15 Enluminures et manuscrits

16 Enluminures et manuscrits 13 [ENLUMINURE] Feuillet extrait d’un livre d’heures, début des Heures de la Croix (matines). Crucifixion. En latin, encre brune, gouache et or bruni sur parchemin. France, Troyes, vers 1460. Quelques frottements au nimbe et à l’or bruni dans le fond diapré. Dimensions du feuillet : 143 x187mm 4 000 / 6 000 € Recto : Miniature cintrée entourée de bordures enluminées avec décor d’acanthes colorées, feuilles de vigne et besants dorés, motifs floraux et oiseaux sur fond réservé, grande initiale en bleu avec rehauts blancs sur fond d’or et vignes de couleur, 4 lignes de texte, écriture gothique ; texte au recto, début des Heures de la Croix (matines).

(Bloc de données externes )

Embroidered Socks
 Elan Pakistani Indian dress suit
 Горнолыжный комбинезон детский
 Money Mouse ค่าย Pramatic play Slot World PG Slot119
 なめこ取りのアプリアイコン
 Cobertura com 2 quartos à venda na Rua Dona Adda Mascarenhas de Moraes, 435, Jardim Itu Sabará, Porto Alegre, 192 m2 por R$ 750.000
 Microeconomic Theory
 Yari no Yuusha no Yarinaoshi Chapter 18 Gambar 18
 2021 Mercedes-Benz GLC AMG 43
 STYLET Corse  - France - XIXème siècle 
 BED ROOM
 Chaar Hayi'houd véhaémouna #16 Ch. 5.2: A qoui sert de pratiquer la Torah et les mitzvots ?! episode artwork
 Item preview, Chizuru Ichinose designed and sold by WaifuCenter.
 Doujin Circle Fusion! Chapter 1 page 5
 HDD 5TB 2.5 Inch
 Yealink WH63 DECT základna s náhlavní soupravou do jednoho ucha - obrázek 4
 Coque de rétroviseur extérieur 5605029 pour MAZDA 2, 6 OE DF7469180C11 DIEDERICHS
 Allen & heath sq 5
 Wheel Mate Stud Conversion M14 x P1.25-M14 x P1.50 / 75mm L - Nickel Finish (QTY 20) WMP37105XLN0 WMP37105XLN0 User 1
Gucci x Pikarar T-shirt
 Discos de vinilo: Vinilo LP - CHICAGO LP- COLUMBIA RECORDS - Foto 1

Verso : 15 lignes de texte, écriture gothique, bordure enluminée dans la marge extérieure, feuilles de vigne et besants dorés, rinceaux, fleurs de couleur ; initiales à l’or bruni (1 à 2 lignes de hauteur) sur fonds rose et bleu avec rehauts blancs ; bout-de-lignes de même. Texte au verso, continuation des Heures de la Croix pour matines. Ce feuillet est extrait du même livre d’heures que le feuillet figurant Saint Jean sur l’île de Patmos (voir lot 12). L’enluminure est attribuable au Maître du Missel de Troyes. Cette crucifixion présente des similitudes évidentes avec celle qui illustre le Canon de la Messe dans un Missel à l’usage de Troyes (Paris, BnF, Latin 865A). Le manuscrit Paris, BnF, Latin 856A est copié par Jean Coquet, chanoine de Saint-Quentin de Beauvais et les miniatures trahissent un certain degré d’archaïsme : « C’est en effet sous l’ascendant évident du style des continuateurs tardifs du Maître de Bedford, style qui persista à Paris jusqu'en plein milieu du siècle et même au-delà, que travaille encore le peintre du Lat. 856A, mais ce style est interprété ici avec un accent plus puissant, un traitement plus ample de la figure humaine, et se ressent de la plasticité monumentale qui s'impose dans la peinture à partir du troisième quart du siècle... L'exécution picturale des illustrations et des bordures fait apparaître ce missel comme l'une des œuvres les plus soignées de l'artiste » (Avril, in Avril et Reynaud, Les manuscrits à peintures 1440-1520, Paris, 1993, no. 97, pp. 182-183, reproduction de la Crucifixion p. 183). Les bordures du présent feuillet sont très proches de celles du Missel de Troyes, avec le même décor et oiseaux dans les marges, permettant d’avancer une date de circa 1460.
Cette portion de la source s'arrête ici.